Aussi bien dans les zones rurales que dans les milieux urbains, les femmes continuent d’occuper une place centrale dans la reproduction sociale, économique et symbolique, tout en demeurant largement marginalisées dans l’accès aux ressources, à la reconnaissance, à la parole publique et aux espaces de décision. Qu’il soit domestique, communautaire, agricole, informel, relationnel ou de soin, le travail des femmes reste majoritairement invisibilisé, peu valorisé et rarement reconnu comme une contribution fondamentale à la vie collective et à la stabilité des sociétés.

Face à cette situation, les féminismes africains se sont constitués, depuis plusieurs décennies, comme des champs intellectuels, politiques et militants majeurs. Loin d’être de simples déclinaisons des féminismes occidentaux, ils ont affirmé la nécessité de penser les rapports sociaux de sexe à partir des réalités africaines, des histoires locales, des savoirs endogènes et de l’expérience vécue des femmes. Ces féminismes ont mis en lumière le caractère historiquement construit, politiquement organisé et socialement reproduit des dominations patriarcales, tout en soulignant leur articulation avec d’autres rapports de pouvoir liés à la classe, à l’âge, au territoire, à la religion ou à l’héritage colonial.

C’est dans cette tradition intellectuelle et politique que s’inscrit l’œuvre et le combat de la professeure Fatou Sow, sociologue et figure majeure du féminisme africain contemporain. Chercheuse engagée, Fatou Sow a consacré une part essentielle de son travail à l’analyse critique des rapports sociaux de sexe en Afrique, en articulant rigueur scientifique, engagement féministe et ancrage profond dans les sociétés africaines.
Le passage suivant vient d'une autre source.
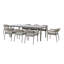 Anduin 8 - Person Patio Dining Set with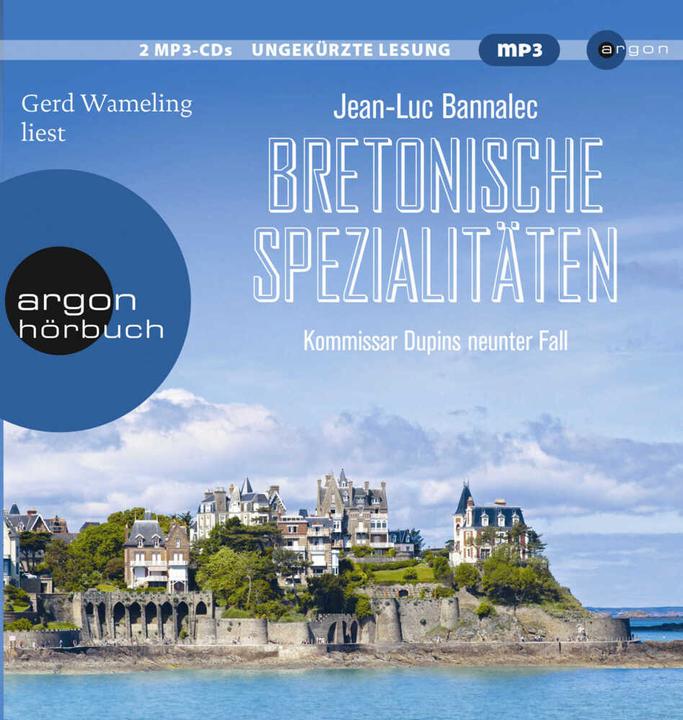Produktbild Bretonische Spezialitäten (Jean-Luc Bannalec, Gerd Wameling, Deutsch)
Ses travaux ont contribué de manière décisive à documenter les conditions matérielles d’existence des femmes africaines, à analyser les multiples formes du travail féminin – souvent non rémunéré et non reconnu – et à mettre en évidence le rôle central des femmes dans la reproduction sociale, économique et culturelle. Elle a également interrogé les mécanismes visibles et invisibles du patriarcat, qu’ils soient économiques, symboliques, culturels ou institutionnels, en montrant comment ceux-ci se transforment, se renouvellent et se recomposent dans les contextes contemporains.

L’une des contributions majeures de Fatou Sow réside dans sa capacité à refuser toute approche homogénéisante des femmes africaines. Son œuvre insiste sur la pluralité des expériences féminines, sur la diversité des trajectoires, des contextes et des formes de résistance, et sur la nécessité de produire des analyses situées, attentives aux pratiques quotidiennes, aux langues locales et aux savoirs issus de l’expérience. Elle a ainsi contribué à valoriser les savoirs féminins pratiques, relationnels et symboliques comme de véritables ressources stratégiques pour l’autonomie, la résilience et l’action collective.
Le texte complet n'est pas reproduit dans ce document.